Why should this be? After all, X inactivation ensures that no matter how many X chromosomes are present, all bar one get inactivated early in development. But if this was the end of the story there would be no difference in phenotype between 45, X females compared with 47, XXX females or with the normal 46, XX female constitution. Similarly, males with the normal 46, XY karyotype should be phenotypically identical to males with the 47, XXY karyotype. In all of these cases there should be only one active X chromosome in the cells.
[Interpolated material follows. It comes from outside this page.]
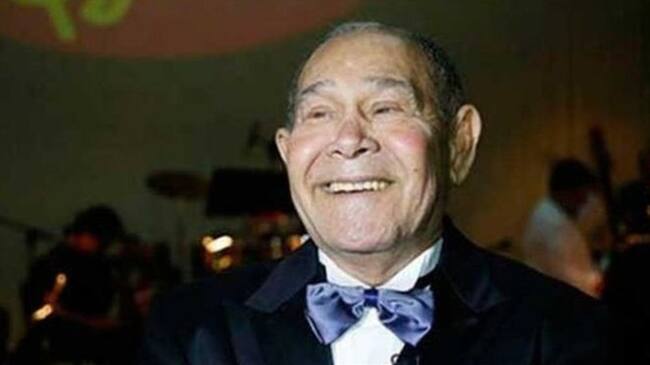 El cantante de pasodoble venezolano, Memo Morales, falleció de un infarto a los 79 años. Foto: BBC Mundo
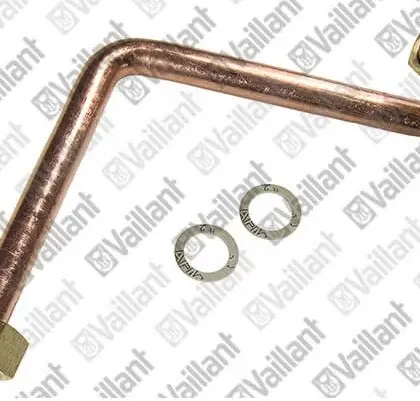 Vaillant Warmwaterleiding vaillant 115187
One thought as to why people with these karyotypes were clinically different was that maybe X inactivation is a bit inefficient in some cells, but this doesn’t seem to be the case. X inactivation is established very early in development and is the most stable of all epigenetic processes. An alternative explanation was required.
The answer has its origin about 150 million years ago, when the XY system of sex determination in placental mammals first developed. The X and Y chromosomes are probably descendants of autosomes. The Y chromosome has changed dramatically, the X chromosome much less so27. However, both retain shadows of their autosomal past. There are regions on both the X and the Y called pseudoautosomal regions. The genes in these regions are found on both the X and the Y chromosome, just in the same way as pairs of autosomes have the same genes in the same positions, one inherited from each parent.
When an X chromosome inactivates, these pseudoautosomal regions are spared. This means that, unlike most X-linked genes, those in the pseudoautosomal regions don’t get switched off. Consequently, normal cells potentially express two copies of these genes in all cells. The two copies are expressed either from the two X chromosomes in a normal female or from the X and the Y in a normal male.
But in Turner’s syndrome, the affected female only has one X chromosome, so she expresses only one copy of the genes in the pseudoautosomal region, half as much as normal. In Trisomy X, on the other hand, there are three copies of the genes in the pseudoautosomal regions. As a result, the cells in an affected region will produce proteins from these genes at 50 per cent above the normal level.
One of the genes in the X chromosome pseudoautosomal regions is called SHOX. Patients with mutations in this gene have short stature. It is likely that this is also why patients with Turner’s syndrome tend to be short – they don’t produce enough SHOX protein in their cells. By contrast, patients with Trisomy X are likely to produce 50 per cent more SHOX protein than normal, which is probably why they tend to be tall28.
It’s not just humans who have trisomies of the sex chromosomes. One day you may be happily amazing your friends with your confident statement that their tortoiseshell cat is female when they deflate you by telling you that their pet has been sexed by the vet and is actually a Tom. At this point, smile smugly and then say ‘Oh, in that case he’s karyotypically abnormal. He has an XXY karyotype, rather than XY’. And if you’re feeling particularly mean, you can tell them that Tom is infertile. That should shut them up.